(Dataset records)

──────

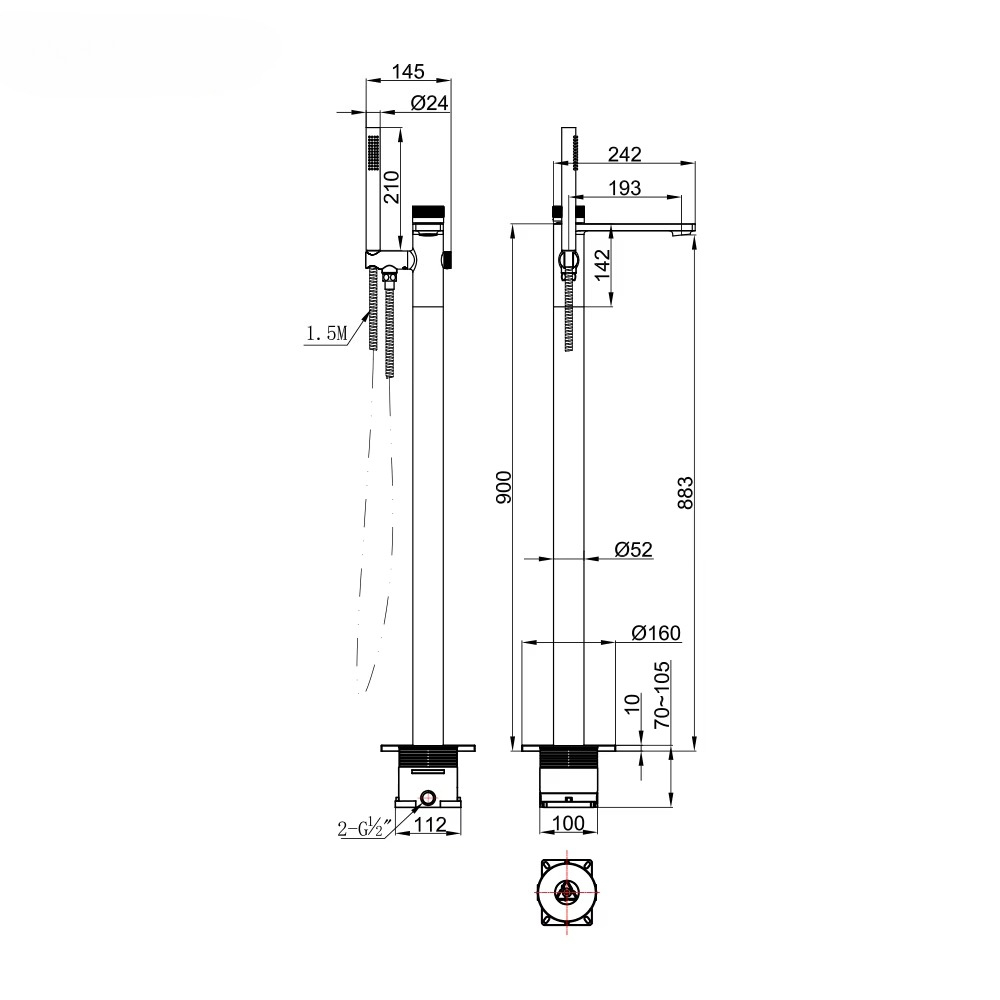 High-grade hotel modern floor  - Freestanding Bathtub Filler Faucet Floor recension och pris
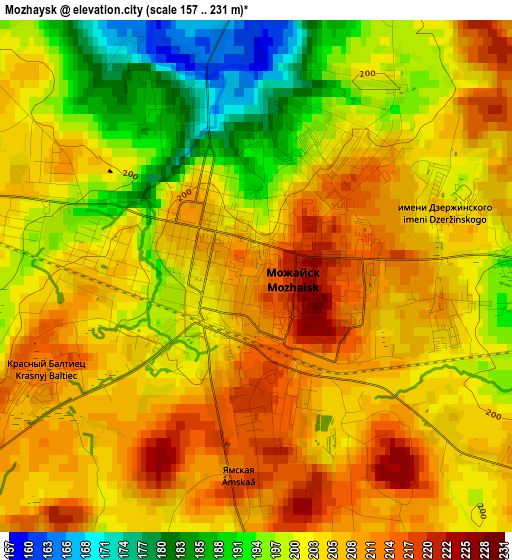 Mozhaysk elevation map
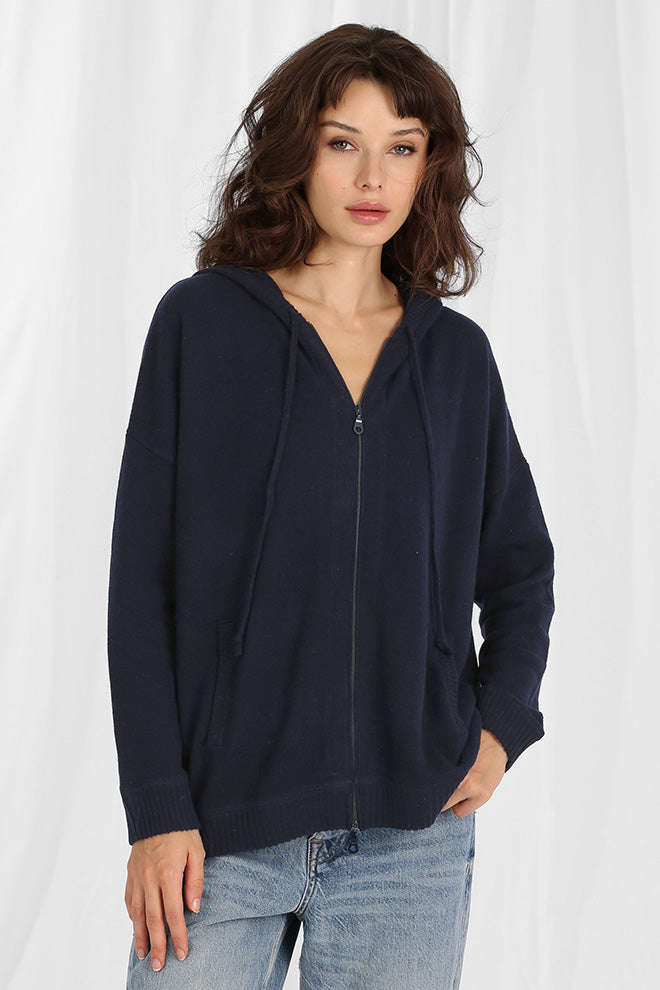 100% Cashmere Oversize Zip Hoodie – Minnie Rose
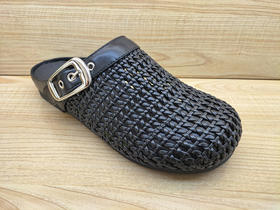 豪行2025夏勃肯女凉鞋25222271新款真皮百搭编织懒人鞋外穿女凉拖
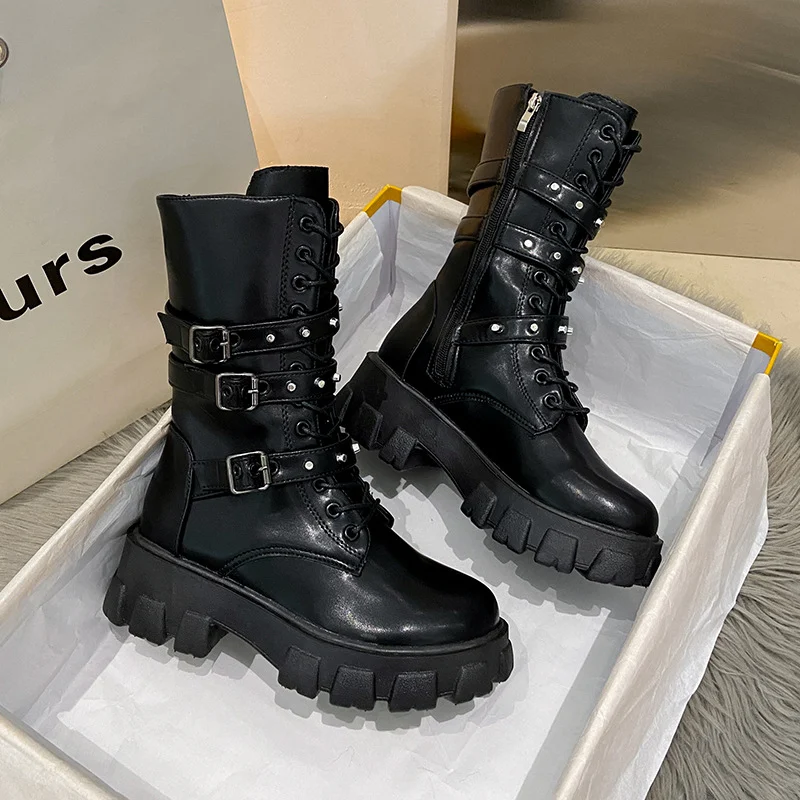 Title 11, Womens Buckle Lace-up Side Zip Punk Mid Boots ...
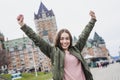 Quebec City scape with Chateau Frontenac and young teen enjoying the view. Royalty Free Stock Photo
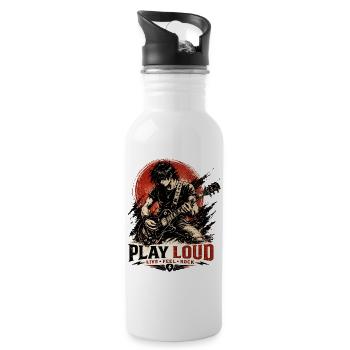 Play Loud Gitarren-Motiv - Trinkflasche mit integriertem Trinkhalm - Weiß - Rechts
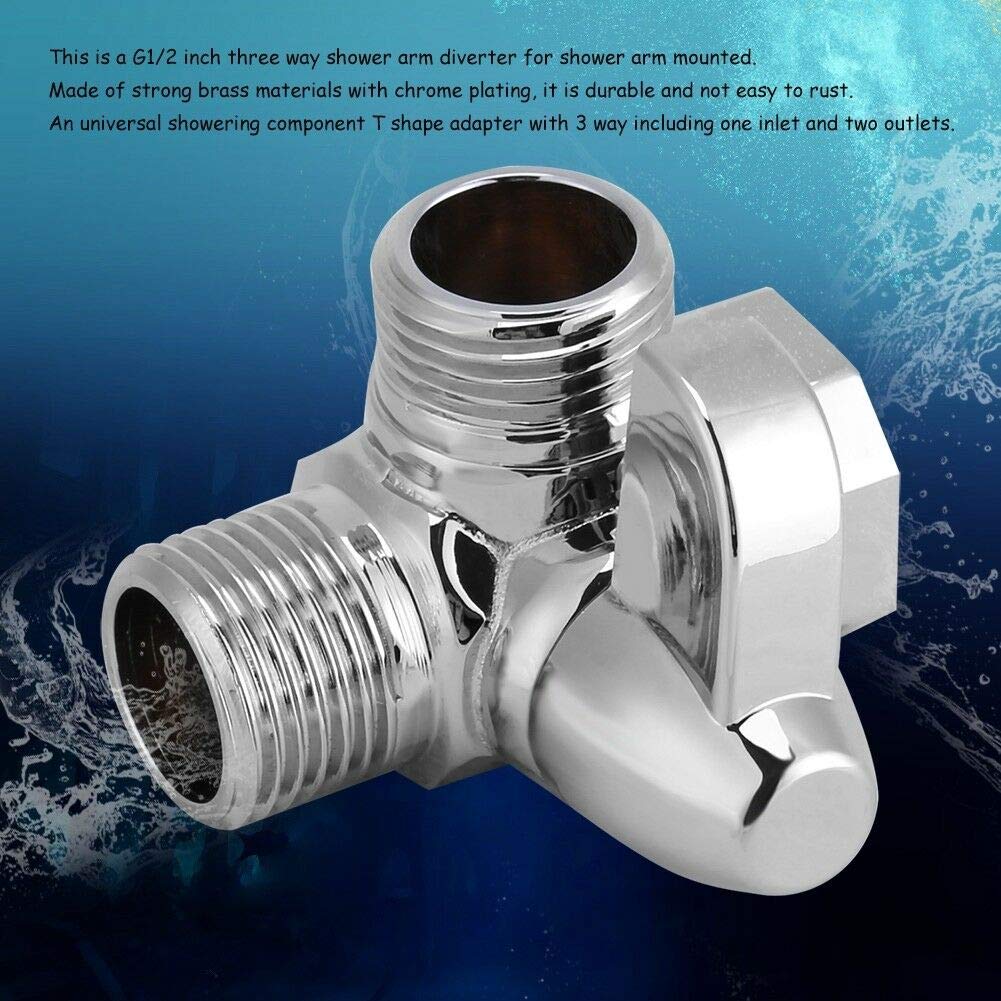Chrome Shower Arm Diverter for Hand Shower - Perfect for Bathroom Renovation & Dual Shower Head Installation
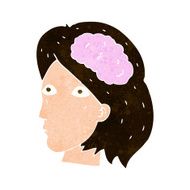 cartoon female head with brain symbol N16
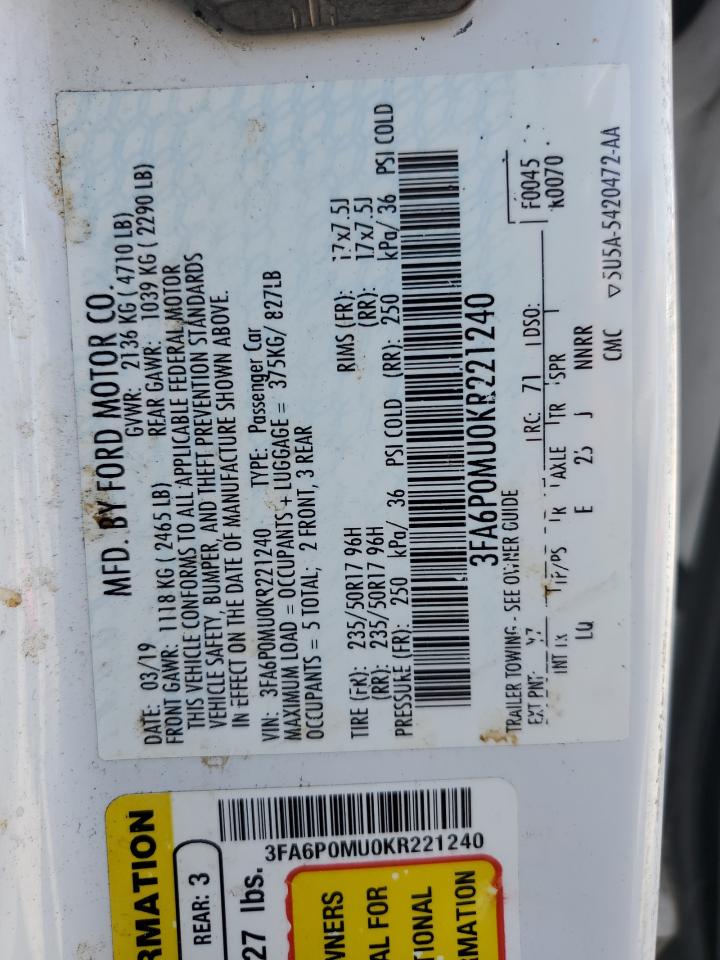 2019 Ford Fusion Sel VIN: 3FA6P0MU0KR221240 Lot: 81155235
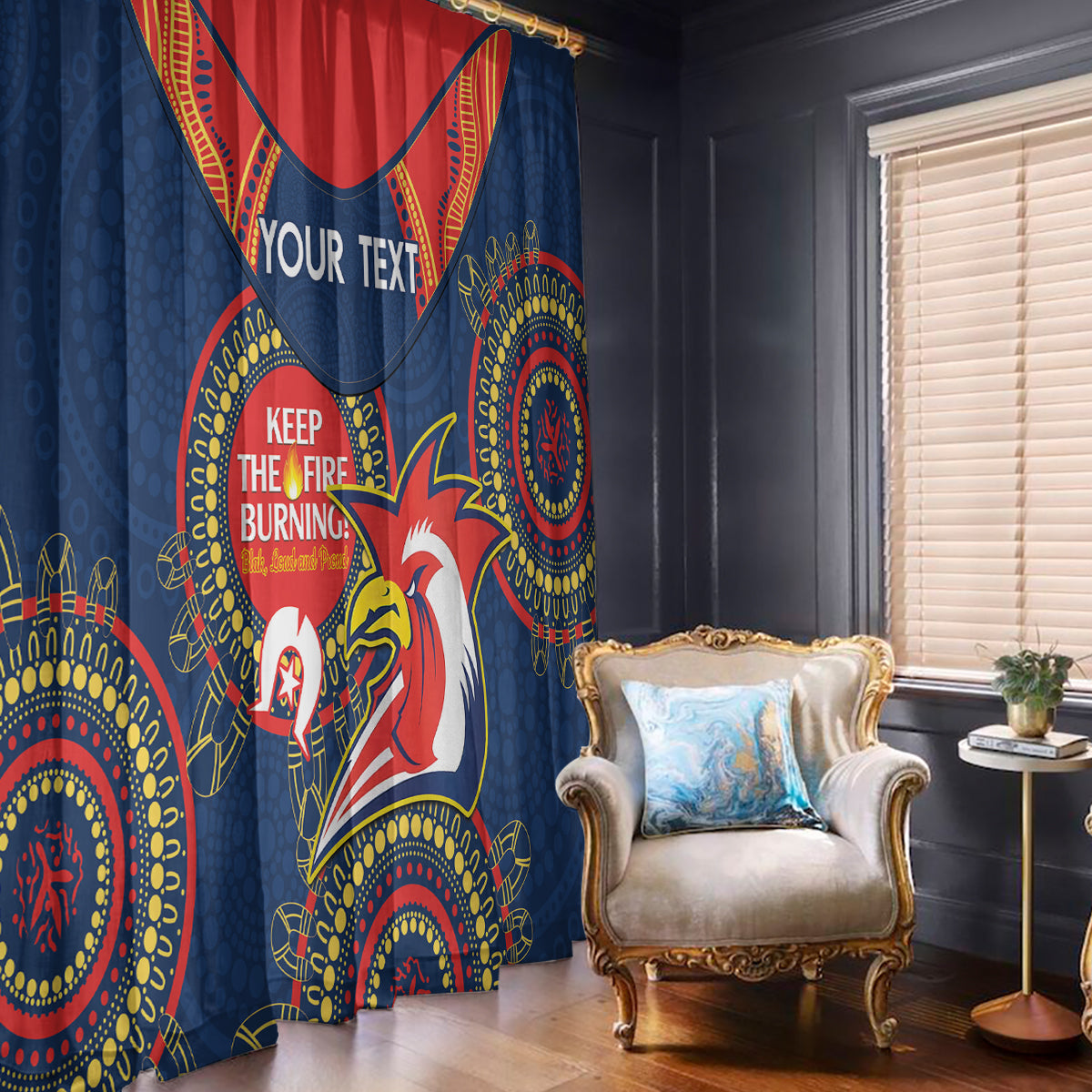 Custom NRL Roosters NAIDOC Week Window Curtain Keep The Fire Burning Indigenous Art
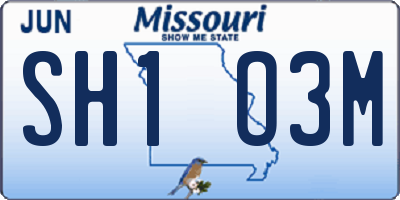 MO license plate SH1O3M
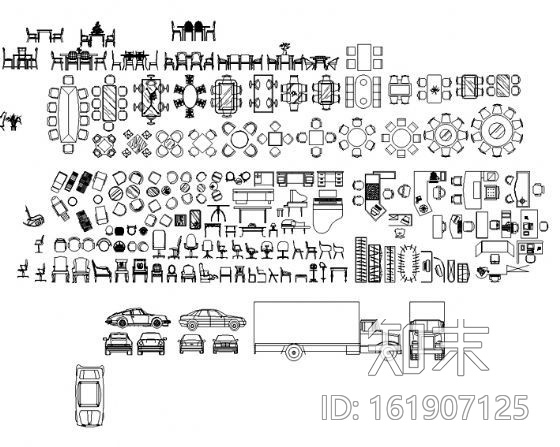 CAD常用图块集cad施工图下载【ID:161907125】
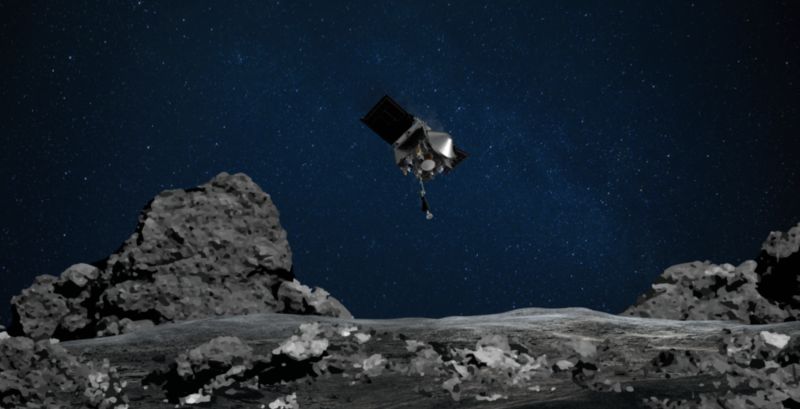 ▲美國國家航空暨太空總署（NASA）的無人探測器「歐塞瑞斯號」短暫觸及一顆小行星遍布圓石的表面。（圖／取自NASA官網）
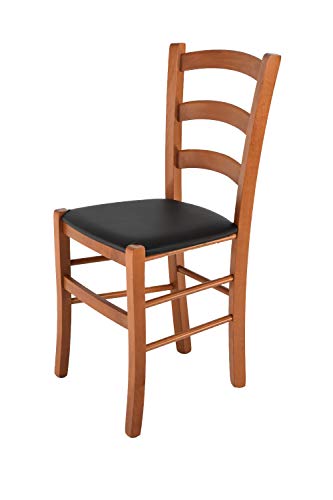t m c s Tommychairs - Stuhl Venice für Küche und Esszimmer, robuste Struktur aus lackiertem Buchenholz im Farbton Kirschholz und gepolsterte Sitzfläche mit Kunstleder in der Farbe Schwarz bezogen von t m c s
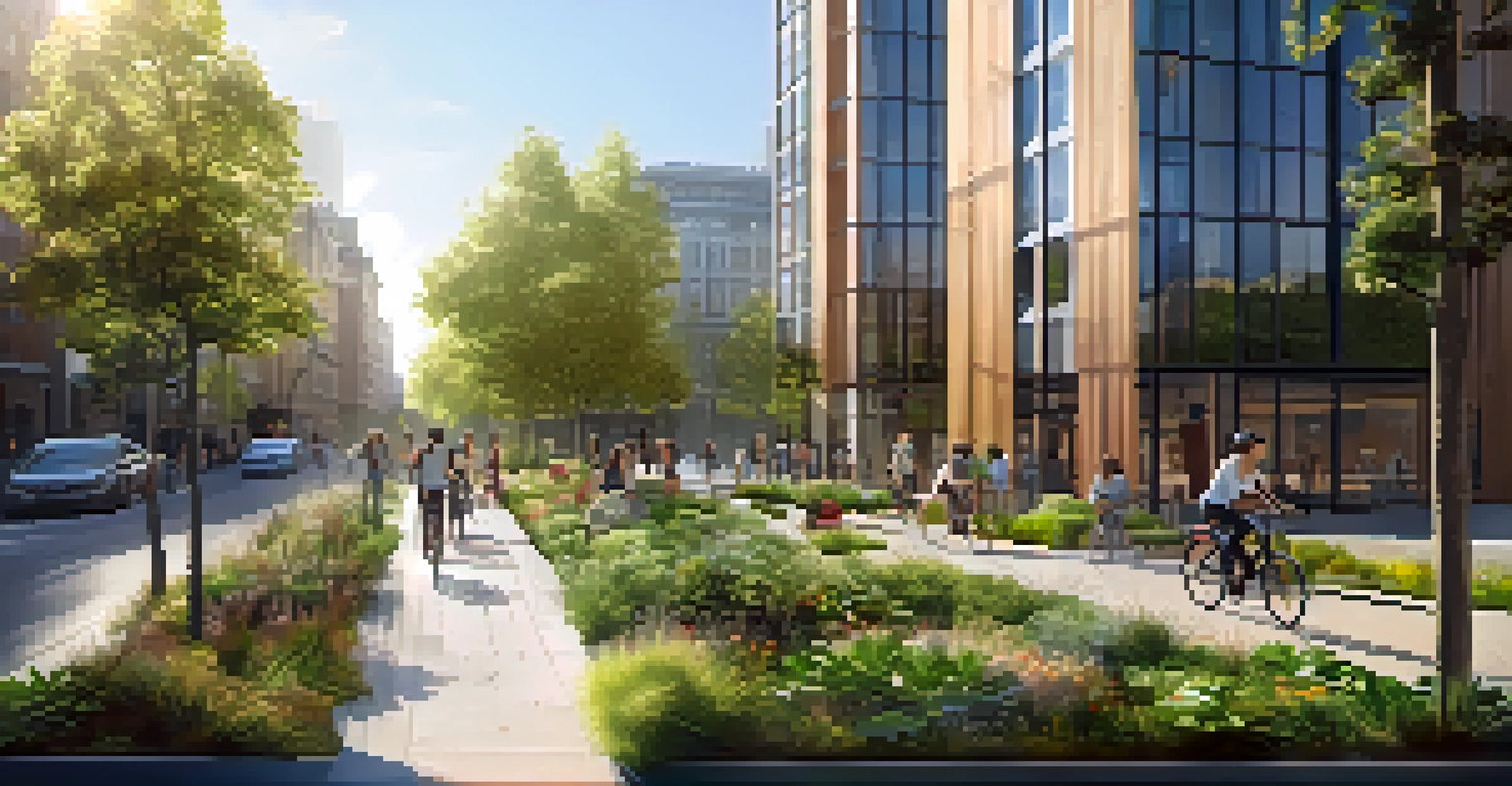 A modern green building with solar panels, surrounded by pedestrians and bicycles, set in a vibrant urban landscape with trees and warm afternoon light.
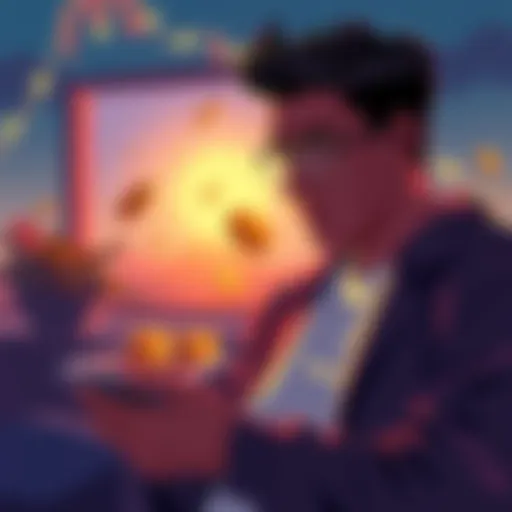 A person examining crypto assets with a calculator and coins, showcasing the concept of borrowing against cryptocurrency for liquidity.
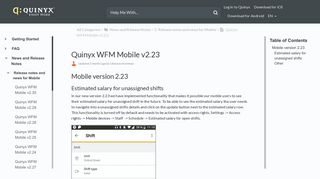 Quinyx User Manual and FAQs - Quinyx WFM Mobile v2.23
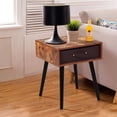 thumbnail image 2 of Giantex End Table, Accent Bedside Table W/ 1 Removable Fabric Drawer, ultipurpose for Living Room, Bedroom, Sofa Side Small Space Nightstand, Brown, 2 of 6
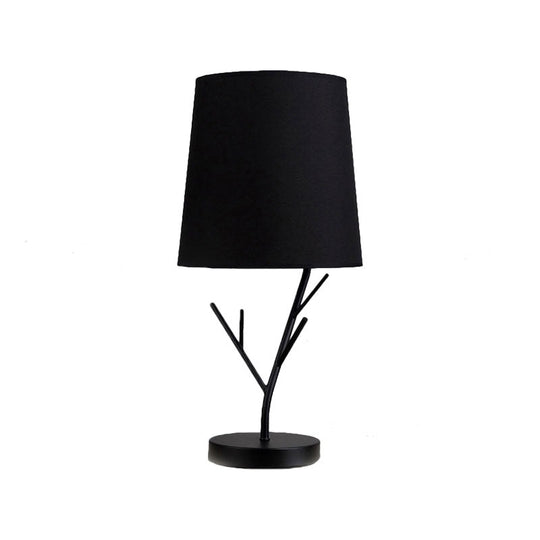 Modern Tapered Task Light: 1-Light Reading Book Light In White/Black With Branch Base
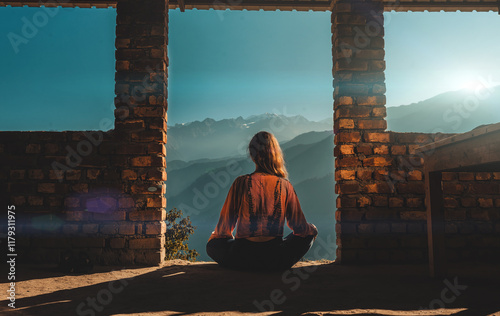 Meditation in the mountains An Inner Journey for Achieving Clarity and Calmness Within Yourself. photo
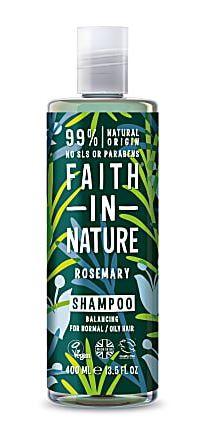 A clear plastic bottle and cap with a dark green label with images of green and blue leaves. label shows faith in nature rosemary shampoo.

──────

A faithful copy of the data is required: each word kept, each picture omitted.

 High-grade hotel modern floor  - Freestanding Bathtub Filler Faucet Floor recension och pris
 Mozhaysk elevation map
 100% Cashmere Oversize Zip Hoodie – Minnie Rose
 豪行2025夏勃肯女凉鞋25222271新款真皮百搭编织懒人鞋外穿女凉拖
 Title 11, Womens Buckle Lace-up Side Zip Punk Mid Boots ...
 Quebec City scape with Chateau Frontenac and young teen enjoying the view. Royalty Free Stock Photo
 Play Loud Gitarren-Motiv - Trinkflasche mit integriertem Trinkhalm - Weiß - Rechts
Chrome Shower Arm Diverter for Hand Shower - Perfect for Bathroom Renovation & Dual Shower Head Installation
 cartoon female head with brain symbol N16
 2019 Ford Fusion Sel VIN: 3FA6P0MU0KR221240 Lot: 81155235
 Custom NRL Roosters NAIDOC Week Window Curtain Keep The Fire Burning Indigenous Art
 MO license plate SH1O3M
 CAD常用图块集cad施工图下载【ID:161907125】
 ▲美國國家航空暨太空總署（NASA）的無人探測器「歐塞瑞斯號」短暫觸及一顆小行星遍布圓石的表面。（圖／取自NASA官網）
t m c s Tommychairs - Stuhl Venice für Küche und Esszimmer, robuste Struktur aus lackiertem Buchenholz im Farbton Kirschholz und gepolsterte Sitzfläche mit Kunstleder in der Farbe Schwarz bezogen von t m c s
 A modern green building with solar panels, surrounded by pedestrians and bicycles, set in a vibrant urban landscape with trees and warm afternoon light.
 A person examining crypto assets with a calculator and coins, showcasing the concept of borrowing against cryptocurrency for liquidity.
 Quinyx User Manual and FAQs - Quinyx WFM Mobile v2.23
 thumbnail image 2 of Giantex End Table, Accent Bedside Table W/ 1 Removable Fabric Drawer, ultipurpose for Living Room, Bedroom, Sofa Side Small Space Nightstand, Brown, 2 of 6
 Modern Tapered Task Light: 1-Light Reading Book Light In White/Black With Branch Base
 Meditation in the mountains An Inner Journey for Achieving Clarity and Calmness Within Yourself. photo
 A clear plastic bottle and cap with a dark green label with images of green and blue leaves. label shows faith in nature rosemary shampoo.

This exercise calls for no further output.